══ Exercise material ══

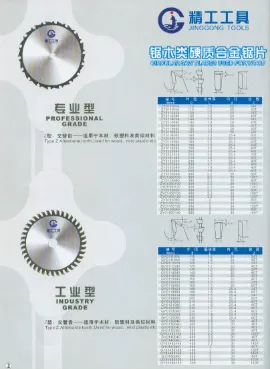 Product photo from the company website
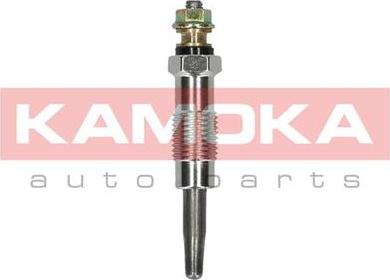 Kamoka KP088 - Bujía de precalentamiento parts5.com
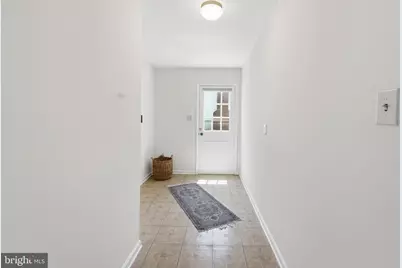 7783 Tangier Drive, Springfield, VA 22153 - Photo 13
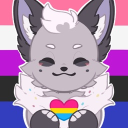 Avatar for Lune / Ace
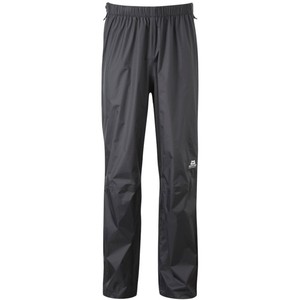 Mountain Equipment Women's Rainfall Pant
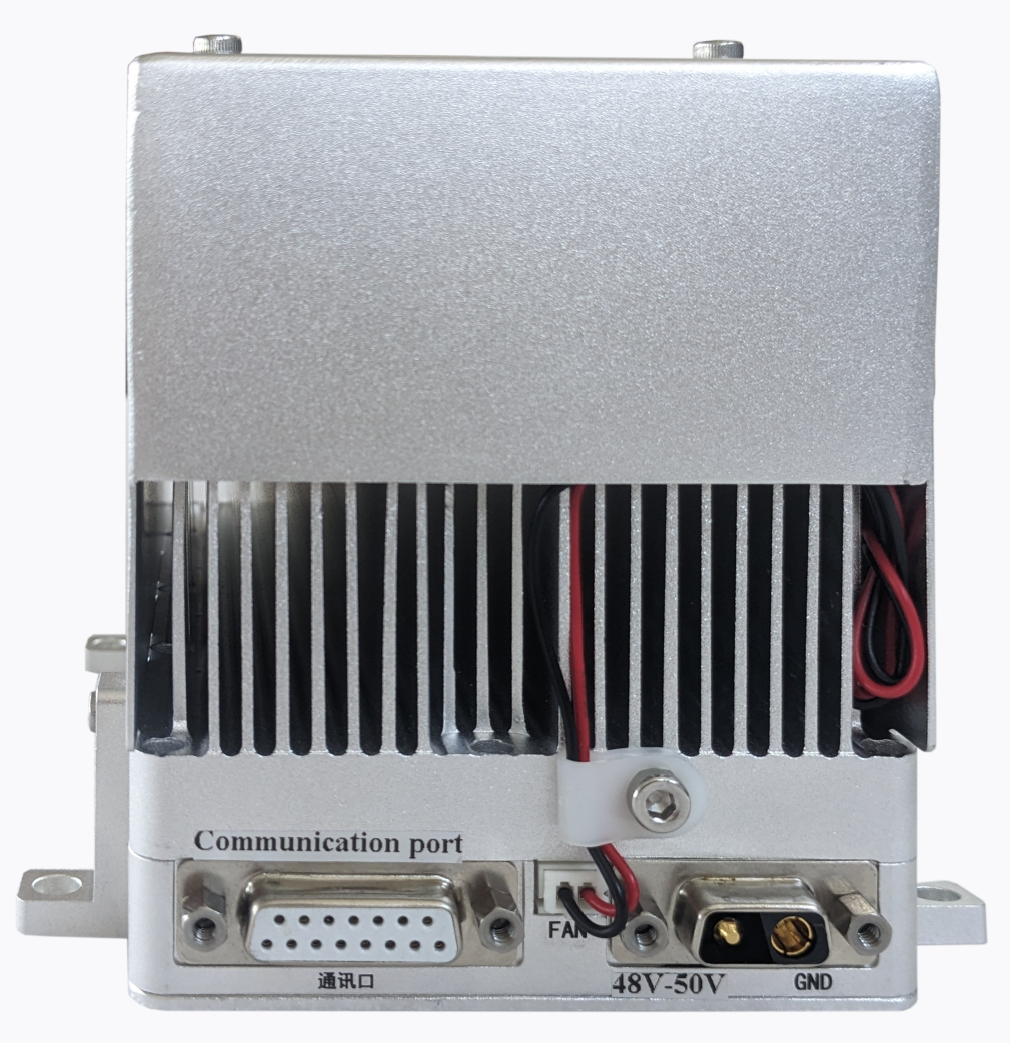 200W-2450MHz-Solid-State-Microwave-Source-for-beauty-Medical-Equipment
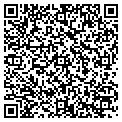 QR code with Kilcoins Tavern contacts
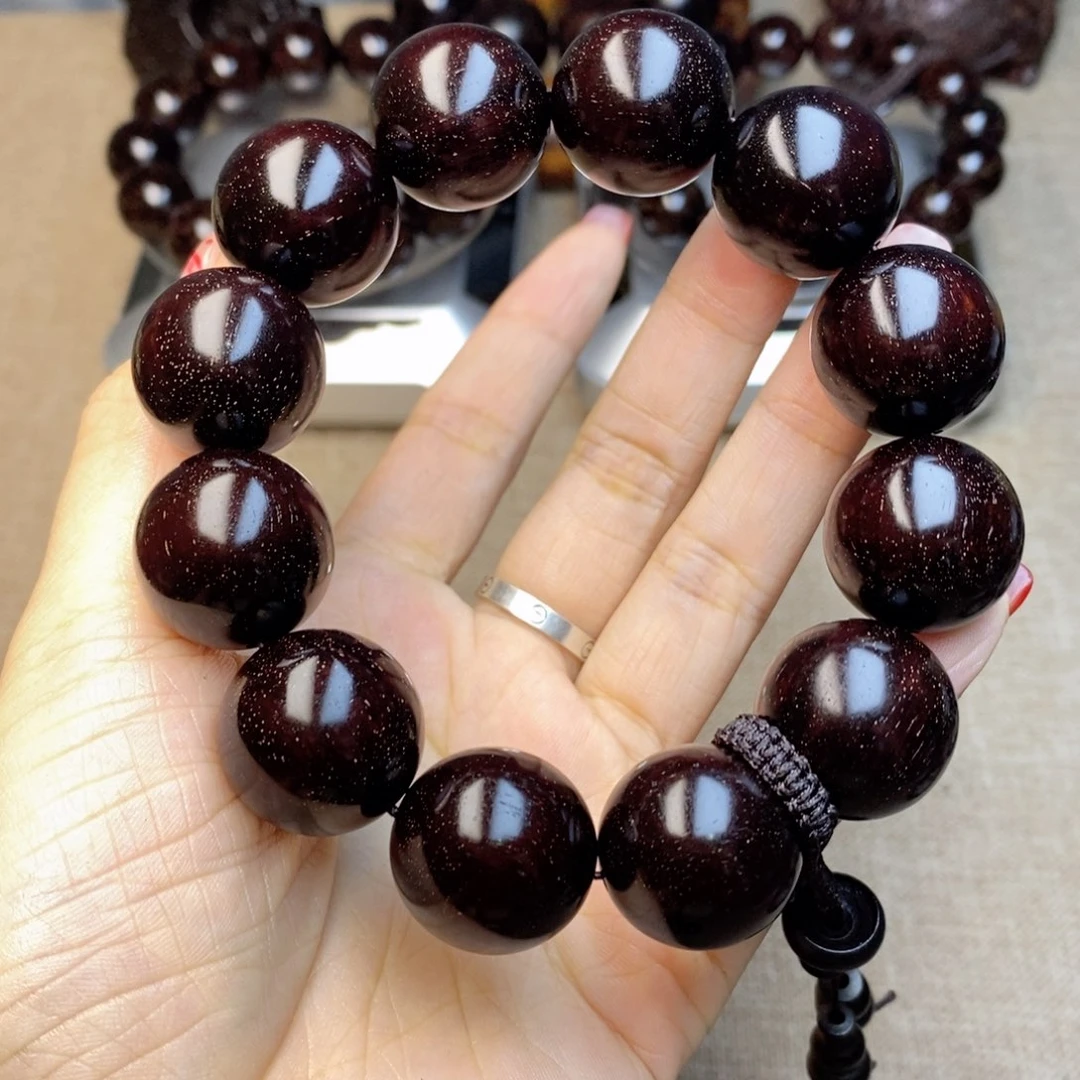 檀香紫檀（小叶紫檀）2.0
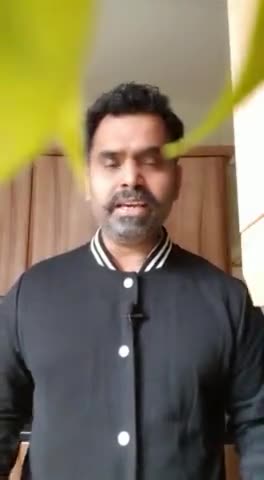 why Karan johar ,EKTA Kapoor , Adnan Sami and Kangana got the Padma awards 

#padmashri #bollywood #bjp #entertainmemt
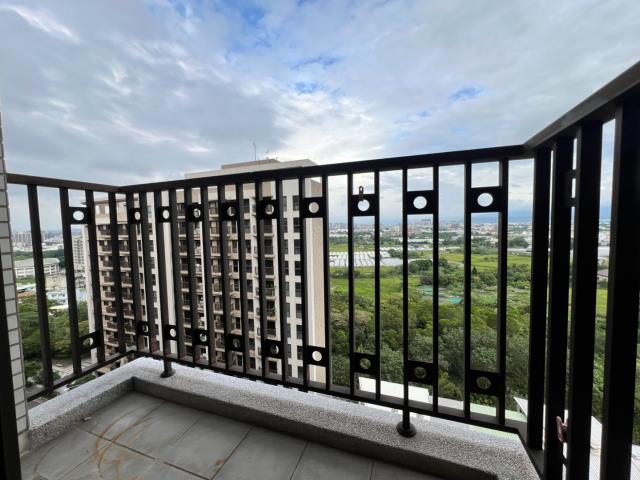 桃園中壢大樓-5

═══
══ Exercise material ══

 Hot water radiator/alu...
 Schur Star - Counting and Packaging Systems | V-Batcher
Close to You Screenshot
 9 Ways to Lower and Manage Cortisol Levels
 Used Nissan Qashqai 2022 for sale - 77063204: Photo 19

═══

The response should hold exactly the lines starting at the line with "Close to You Screenshot" and ending at the line with "Used Nissan Qashqai", and no other line of the material above.

Close to You Screenshot
 9 Ways to Lower and Manage Cortisol Levels
 Used Nissan Qashqai 2022 for sale - 77063204: Photo 19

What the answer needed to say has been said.